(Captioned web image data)
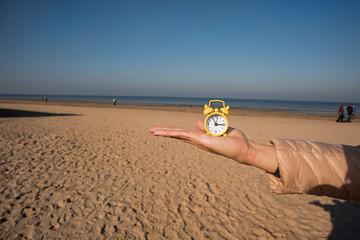 Vintage black alarm clock on autumn leaves. Time change abstract photo.
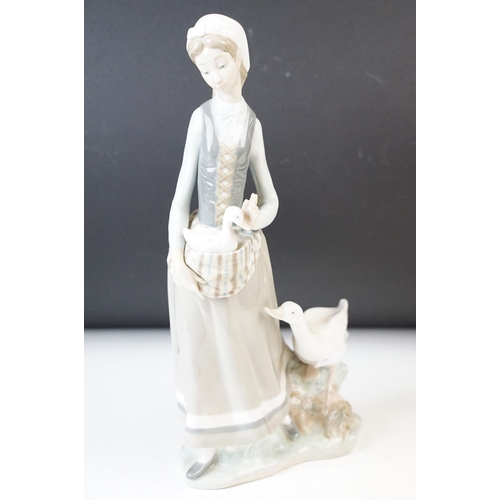 27 - Collection of three Lladro figurines of girls with geese and a lamb, 30cm tallest, all stamped at ba... 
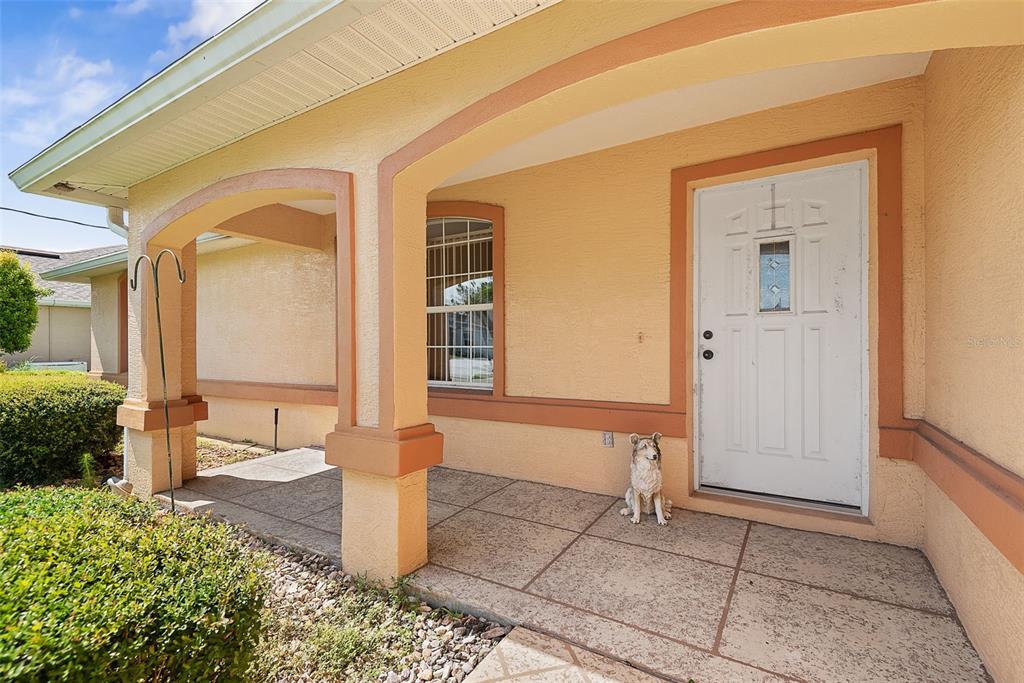 A covered front porch with a white door, a window, and a decorative dog statue — 52 FENWICK LANE, PALM COAST, FL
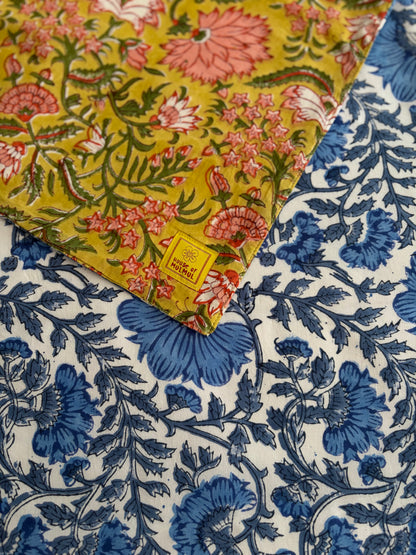 House of Mulmul - Blockprinted Cotton Reversible Table Runner & Placemats set. Close-up of floral fabric with yellow, blue, and white patterns.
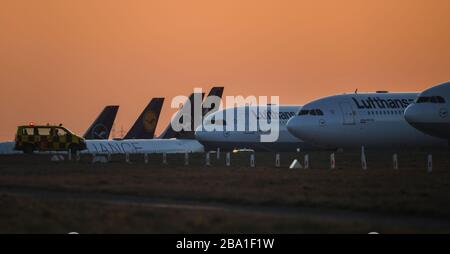 25 mars 2020, Hessen, Francfort-sur-le-Main: Les avions passagers Lufthansa se trouvent sur la piste fermée au nord-ouest de l'aéroport de Francfort, devant le ciel orange-rouge du soir. Lufthansa a stationné des avions qui n'ont pas été nécessaires pendant la crise de Corona. Photo: Arne Dedert/dpa Banque D'Images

(Instructions to follow): Without any pictures, retype the records above exactly.

(Exercise response):
 Vintage black alarm clock on autumn leaves. Time change abstract photo.
 27 - Collection of three Lladro figurines of girls with geese and a lamb, 30cm tallest, all stamped at ba... 
 A covered front porch with a white door, a window, and a decorative dog statue — 52 FENWICK LANE, PALM COAST, FL
 House of Mulmul - Blockprinted Cotton Reversible Table Runner & Placemats set. Close-up of floral fabric with yellow, blue, and white patterns.
 25 mars 2020, Hessen, Francfort-sur-le-Main: Les avions passagers Lufthansa se trouvent sur la piste fermée au nord-ouest de l'aéroport de Francfort, devant le ciel orange-rouge du soir. Lufthansa a stationné des avions qui n'ont pas été nécessaires pendant la crise de Corona. Photo: Arne Dedert/dpa Banque D'Images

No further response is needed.